Al mio tempo era opinione piuttosto condivisa che una società dovesse aiutare il miglioramento delle condizioni di vita e che la modernizzazione potesse servire a tale obiettivo. Con molti altri, ero tra coloro che riconoscevano l’importanza di valicare le colonne d’Ercole, valorizzando l’etica del sacrificio, lo spirito d’intrapresa, la cultura del lavoro e i processi d’industrializzazione. Oggi una cultura prevalente variamente ecologista e “decrescista” si oppone a tutto ciò, e con un certo successo.

Una cosa però forse si può dire, e cioè che la battaglia di voi “liberisti radicali” contro il protezionismo può considerarsi vinta.
Non proprio, dato che è pur vero che gli Stati nazionali in Europa oggi non adottano rilevanti misure protezionistiche, ma al tempo stesso è quanto mai protezionista l’Unione europea: una vera e propria fortezza che in taluni settori, si pensi all’agricoltura (ma non solo), ha elevato altissime barriere a danno del Terzo Mondo, dei consumatori e anche di quelle imprese che – entro un mercato libero – potrebbero rifornirsi assai meglio.

La vostra Lega antiprotezionista, che più di un secolo fa schieraste contro i dazi e le dogane, non riuscì davvero a portare dalla propria i ceti popolari e a rendere condivise dai più le tesi liberiste. Anche oggi, in Italia, non si vedono realtà politiche di vaste dimensioni schierate a tutela dei diritti di proprietà e del mercato. Per quale ragione tutto questo?
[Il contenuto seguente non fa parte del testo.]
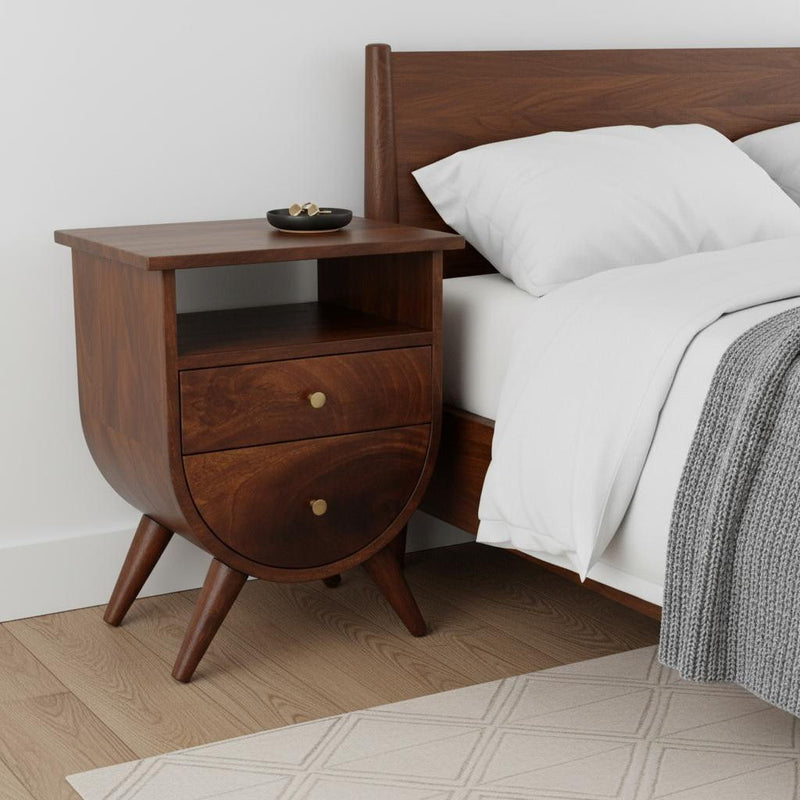 21" Solid Wood Two Drawer Nightstand - Chestnut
Credo che i sistemi democratici siano facilmente catturabili dai maestri in demagogia e dai manipolatori del consenso. Oggi come ieri, chi promette qualunque cosa (anche scaricando i costi sulle generazioni a venire) ha la meglio su chi prova a ragionare. La politica è quell’ambito in cui ogni idea di “limite” viene meno, in cui ci si illude che ogni risultato possa essere facilmente raggiunto e anche senza sforzo, in cui si finisce per immaginare un’esistenza senza rischi. In questo quadro il realismo degli economisti liberali non trova ascolto, e le conseguenze si vedono.

Chi è Guglielmo Ferrero
Guglielmo Ferrero (1871-1942), sociologo, storico, romanziere ed estensore del manifesto della Lega antiprotezionista, è stato uno dei principali intellettuali europei della sua epoca. Negli ultimi anni del XIX secolo, dopo essere stato radicale e socialista, si avvicinò al “Giornale degli economisti” diretto da Antonio De Viti de Marco. Fu allora che portò a maturazione la sua adesione al liberismo.
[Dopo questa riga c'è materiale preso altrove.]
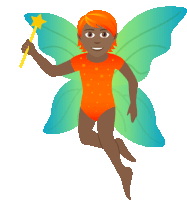 a fairy with orange hair is holding a wand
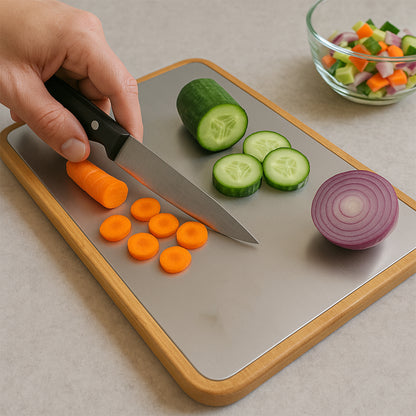 Wukusy Apex Steel Oak Cutting Board with wooden handle, durable kitchen tool for chopping and prep work.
Nella prima uscita della collana in eBook “Liberismi italiani”, dal titolo “Guglielmo Ferrero antiprotezionista”, vengono raccolti alcuni degli scritti più significativi di Ferrero, pubblicati tra il 1894 e il 1914, dai quali emerge con grande chiarezza la sua impostazione favorevole al libero scambio e la sua avversione verso politiche doganali di stampo protezionistico. L’antologia dei testi è anticipata da un saggio introduttivo di Luca Tedesco.
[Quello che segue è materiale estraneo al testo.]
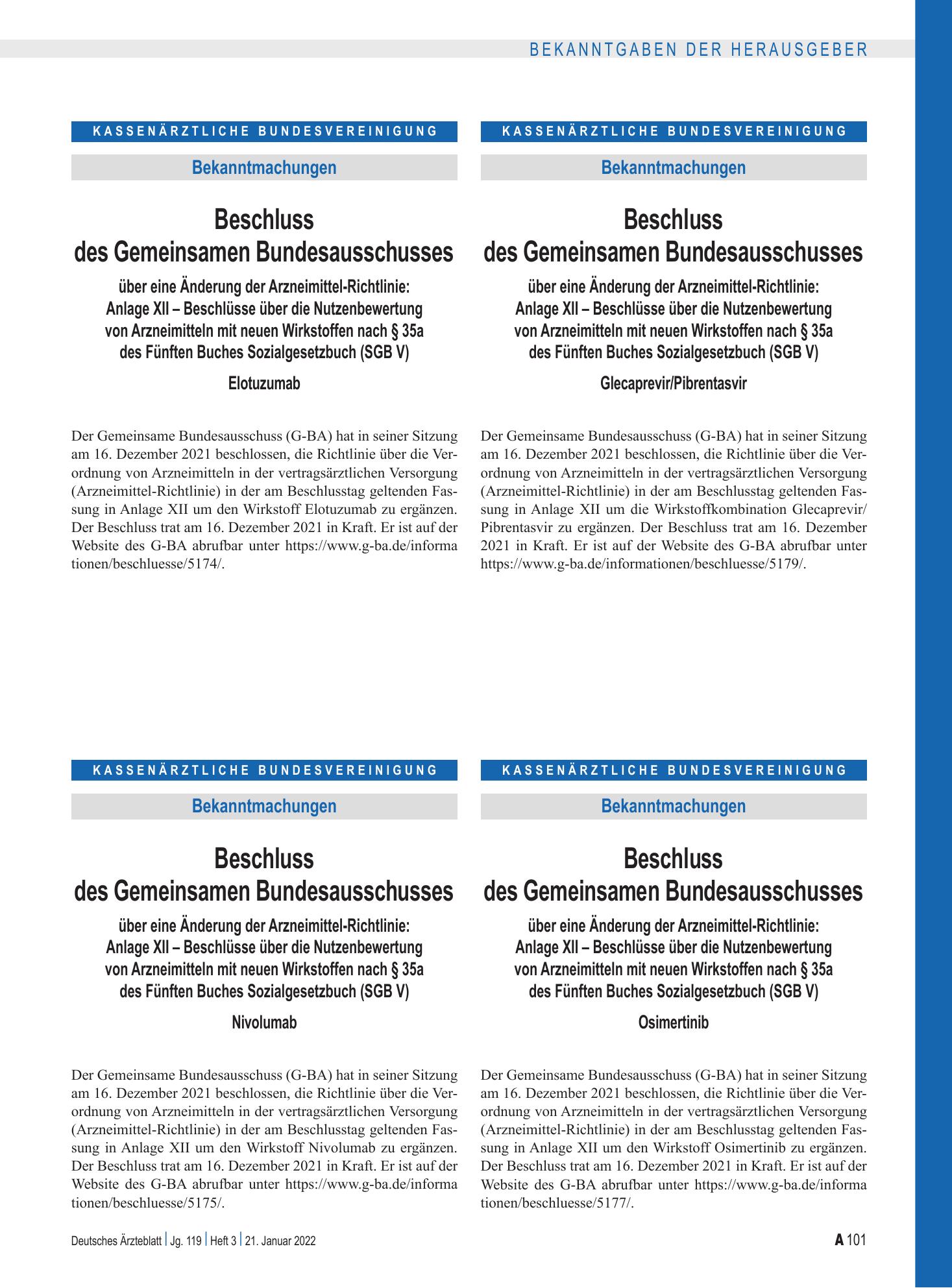 Vorschauseite 1: Beschluss des Gemeinsamen Bundesausschusses über eine Änderung der Arzneimittel-Richtlinie: Osimertinib – Deutsches Ärzteblatt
La collana “Liberismi italiani” origina dalla consapevolezza che la crisi delle tradizionali culture politiche può aprire, anche e soprattutto nel nostro Paese, stagioni di “riscoperta” di filoni, esperienze culturali, singole figure intellettuali minoritarie o ghettizzate dalle grandi centrali ideologiche novecentesche. L’obiettivo della collana è quello di mettersi sulle tracce, nelle vicende nostrane otto e novecentesche, di quei “liberismi italiani” che rifiutarono di concepirsi come teorizzazioni di uno Stato al servizio di interessi particolari e di spacciare questi ultimi come generali.